In addition, in a case where the paper sheet M is divided into a plurality of regions, a determination value with respect to a region including a corner portion of the paper sheet M from among the plurality of regions may be smaller than a determination value with respect to the other region of the paper sheet M. This is because the amount of curling deformation (curving amount) of the region including the corner portion of the paper sheet M which accompanies the drying of moisture is larger than that of the other region of the paper sheet M and if the determination value with respect to the region including the corner portion is smaller than the determination value with respect to the other region, it is possible to decrease the amount of curling deformation of the region including the corner portion of the paper sheet M.

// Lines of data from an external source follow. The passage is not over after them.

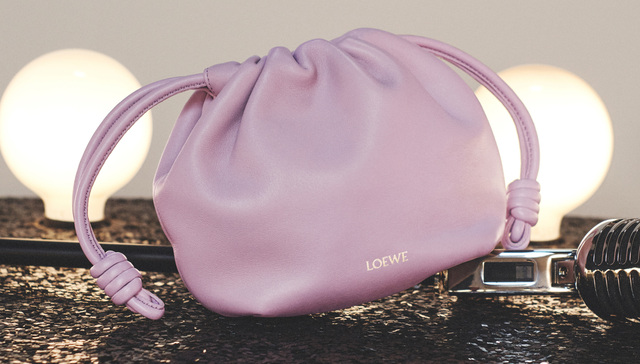 NARS升级唇膏笔，罗意威玉系列推出手袋、吊饰与珠宝｜是日美好事物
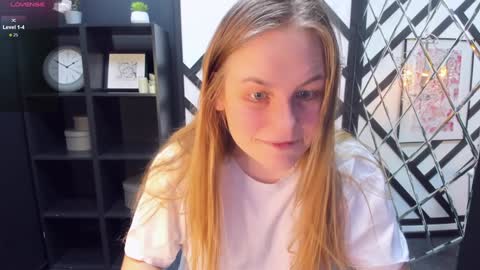 Jade online show from February 7, 9:48 pm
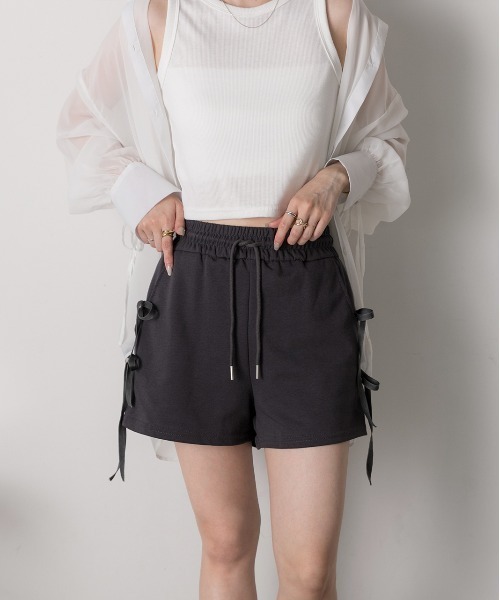 ad thie(アドティエ)の「サイドリボンショートパンツ(スウェットパンツ・レディース・ブラック/チャコール/杢グレー/オフホワイト・FREE)」の21枚目の写真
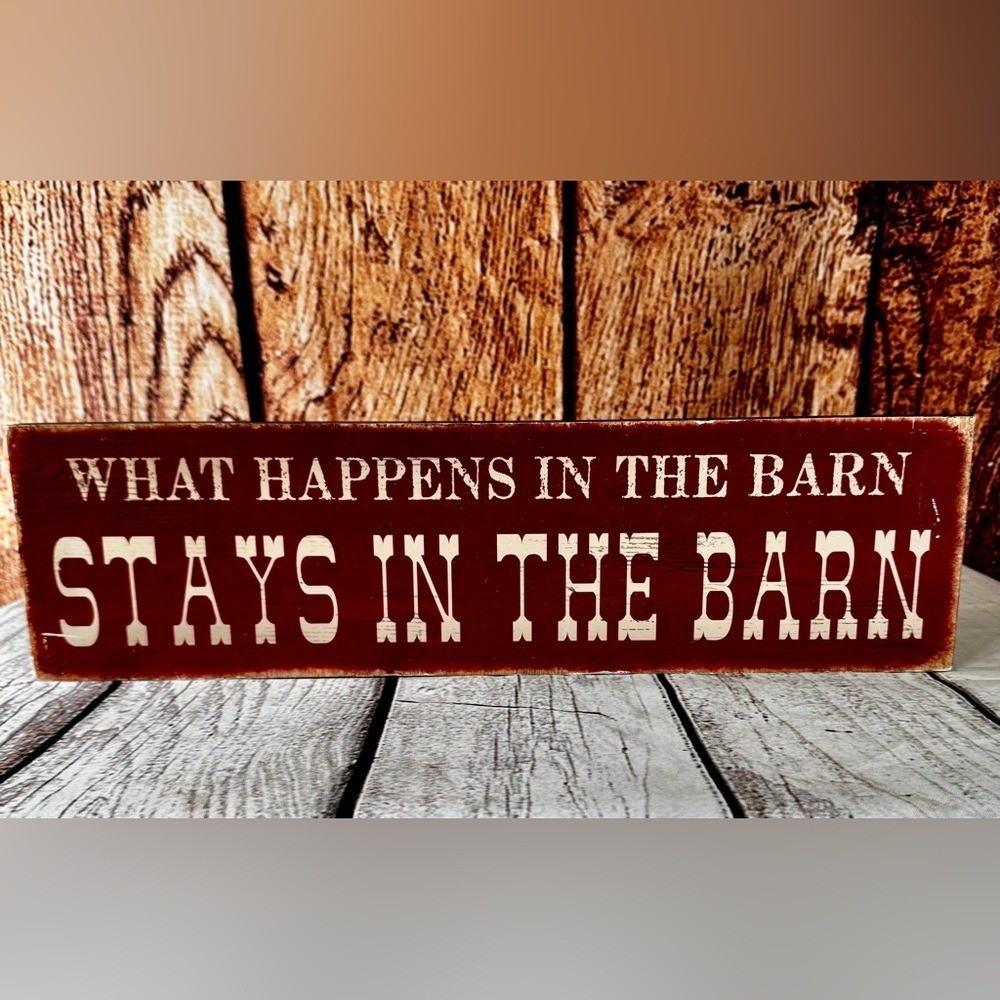 Open Road Brands Black & White Sign What happens in the barn stays in the barn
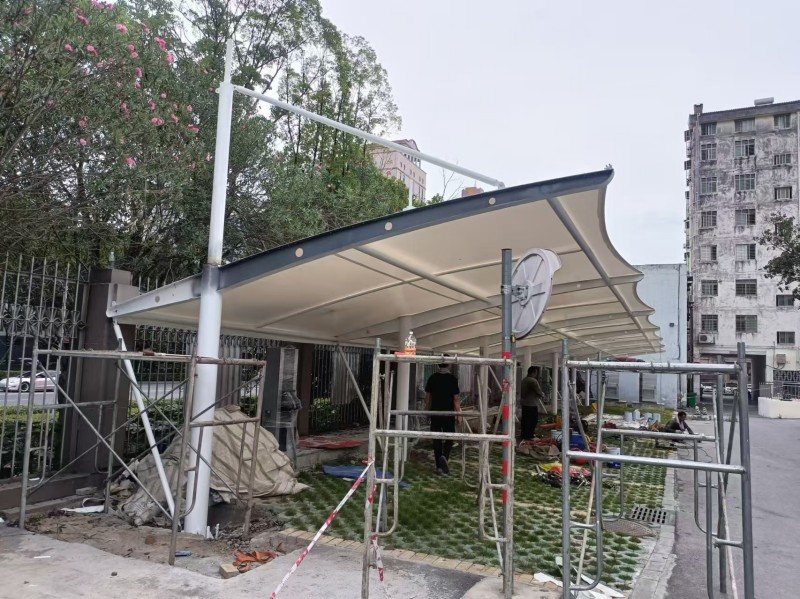 {msite_name}推拉雨棚定制厂家,仓库通道、卸货区移动伸缩棚搭建-1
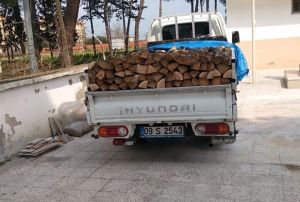 Odun yardm bahanesiyle geldiler, altnlar alp katlar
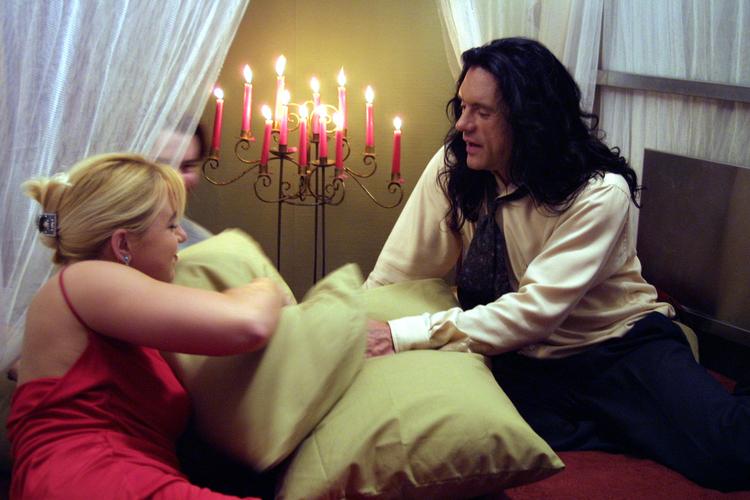 Manden med de mørke lokker  erTommy  Wiseau - instruktør, hovedrolleindehaver, producer og  distributør af en af verdens dårligste film, trekantsdramaet 'The Room'. PR-foto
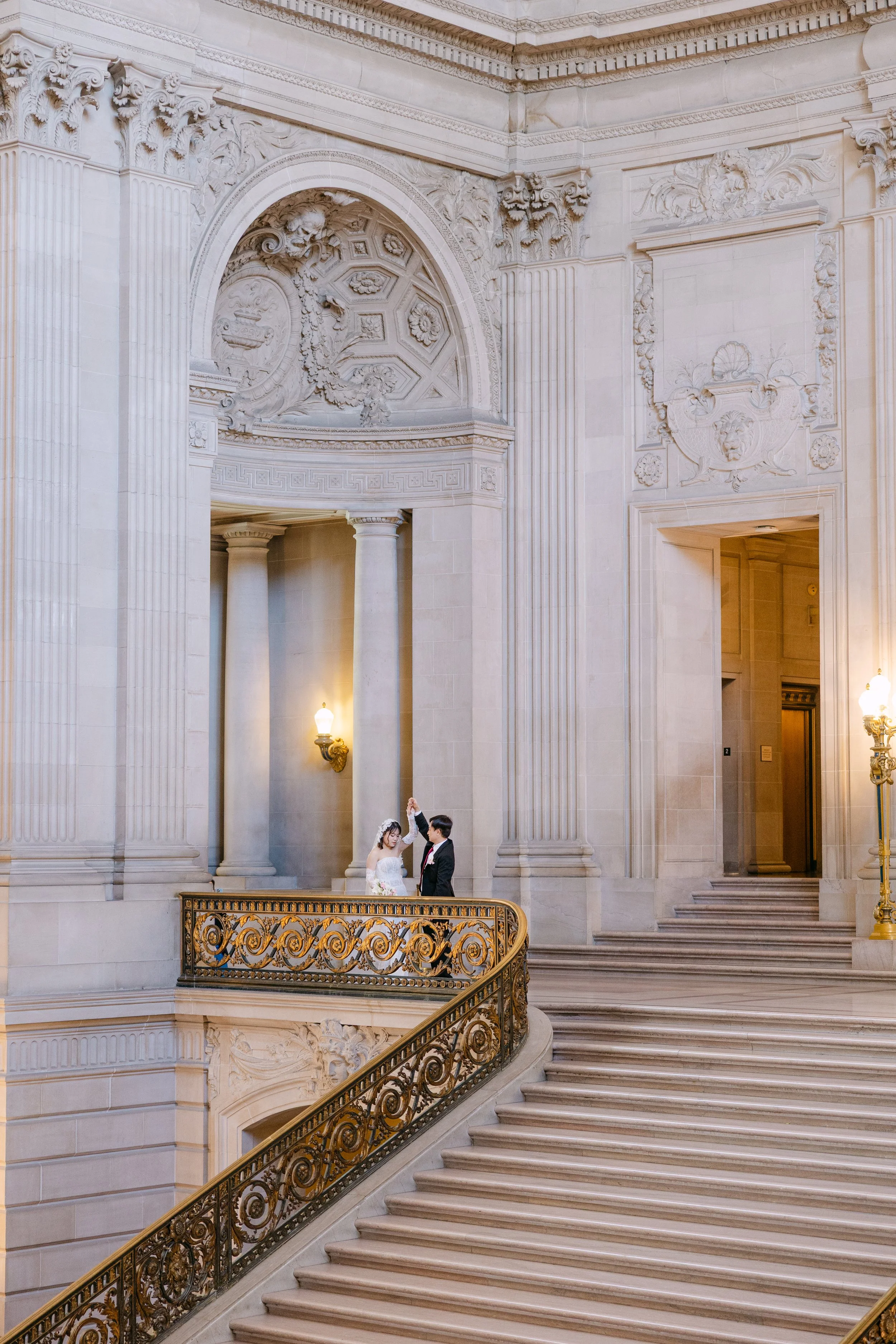 Thu&Peter_SFCityHall_166.jpg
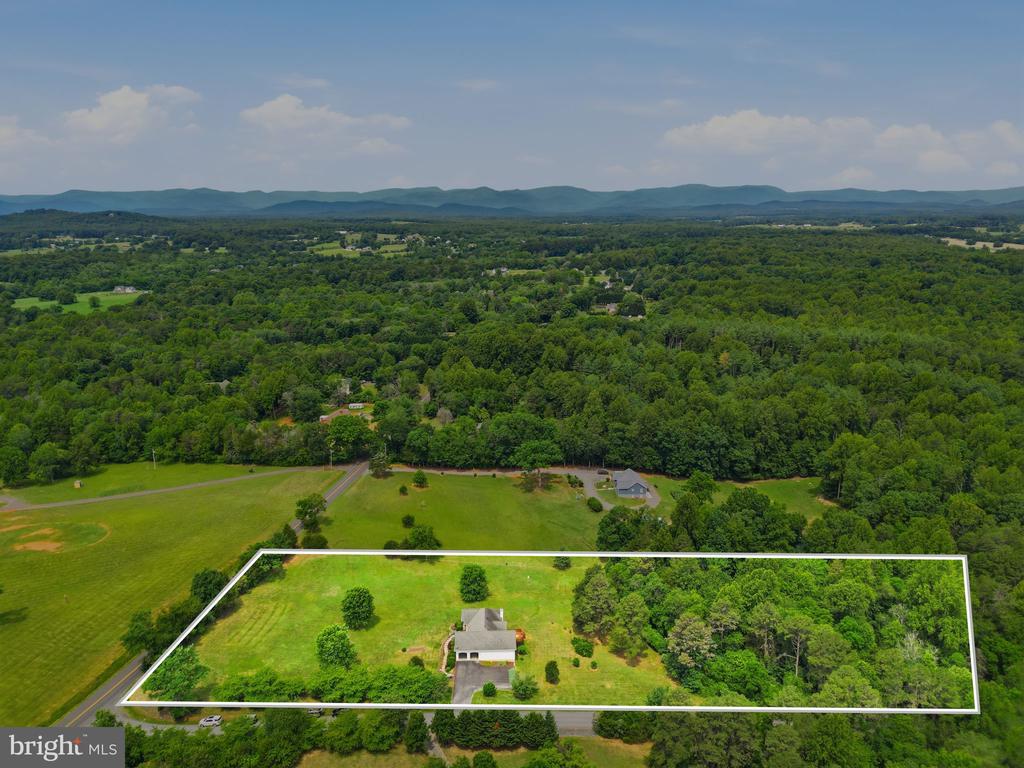 16082 LILY HILL WAY, CULPEPER, Virginia 22701, 3 Bedrooms Bedrooms, ,2 BathroomsBathrooms,Residential,16082 LILY HILL WAY,VACU2014082 MLS # VACU2014082 16082 LILY HILL WAY, CULPEPER, Virginia 22701, 3 Bedrooms Bedrooms, ,2 BathroomsBathrooms,Residential,16082 LILY HILL WAY,VACU2014082 MLS # VACU2014082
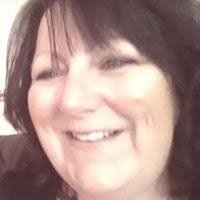 Sarah Fyffe's Instagram, Twitter & Facebook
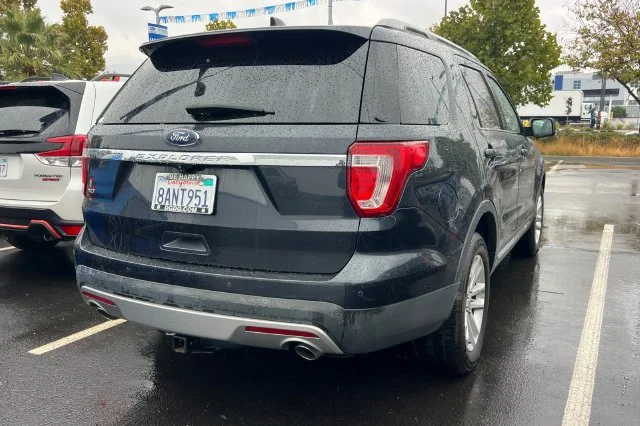 Used 2017  Ford XLT image 7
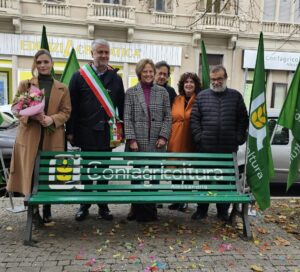 Confagricoltura, inaugurata una panchina ai giardini di Alessandria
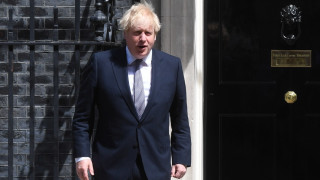 Джонсън и Бенет с първи разговор до месец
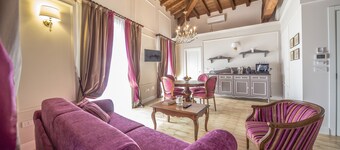 Lady Capulet Apartments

Thereafter, the paper sheet M onto which liquid has been ejected is dried while being transported along the transportation path 218 and is transported to the post processing unit 300.
Operating Method of Printing Apparatus Including Liquid Ejecting Unit in Intermediate Unit
Next, the operating method of the printing apparatus 1 including the liquid ejecting unit 290 in the intermediate unit 200c will be described.
First, a printing job signal from the controller 10 is received (Step S3-1). Next, an image is printed on the paper sheet M in the printing unit 100 on the basis of the printing job signal (Step S3-2). The paper sheet M on which the image has been printed is transported to the intermediate unit 200c which includes the transportation path 218.
Thereafter, in the outlet path 250, the liquid ejecting unit 290 (first liquid ejecting unit 290a or second liquid ejecting unit 290b) ejects liquid onto the paper sheet M which is inverted in the inversion path such that a difference in amount of moisture between front and rear surfaces of the paper sheet M falls within a predetermined range (for example, 30%) according to the amount of moisture that is calculated from the printing duty as the printing data from the controller 10.
In Step S3-3, it is determined whether the difference in amount of moisture between the front and rear surfaces is equal to or greater than the determination value (for example, 30%). In a case where the result of determination in Step S3-3 is “Yes”, the process proceeds to Step S3-4 and in a case where the result of determination in Step S3-3 is “No”, since it is not necessary to eject liquid to the paper sheet M, the paper sheet M is transported to the post processing unit 300 while being transported along the transportation path 218 and the process proceeds to Step S3-7.
In Step S3-4, the amount of moisture on the front surface of the paper sheet M is compared with the amount of moisture on the rear surface of the paper sheet M and in a case where the amount of moisture on the front surface of the paper sheet M is larger than the amount of moisture on the rear surface of the paper sheet M, the result of determination in Step S3-4 becomes “Yes” and the process proceeds to Step S3-5. In a case where the amount of moisture on the front surface of the paper sheet M is smaller than the amount of moisture on the rear surface of the paper sheet M, the result of determination in Step S3-4 becomes “No” and the process proceeds to Step S3-6.
In Step S3-5, since it is necessary to eject liquid onto the rear surface of the paper sheet M, the second liquid ejecting unit 290b ejects liquid onto the rear surface of the paper sheet M such that the difference in amount of moisture between the front and rear surfaces of the paper sheet M falls within the predetermined range. Thereafter, the paper sheet M is transported to the post processing unit 300 and the process proceeds to Step S3-7.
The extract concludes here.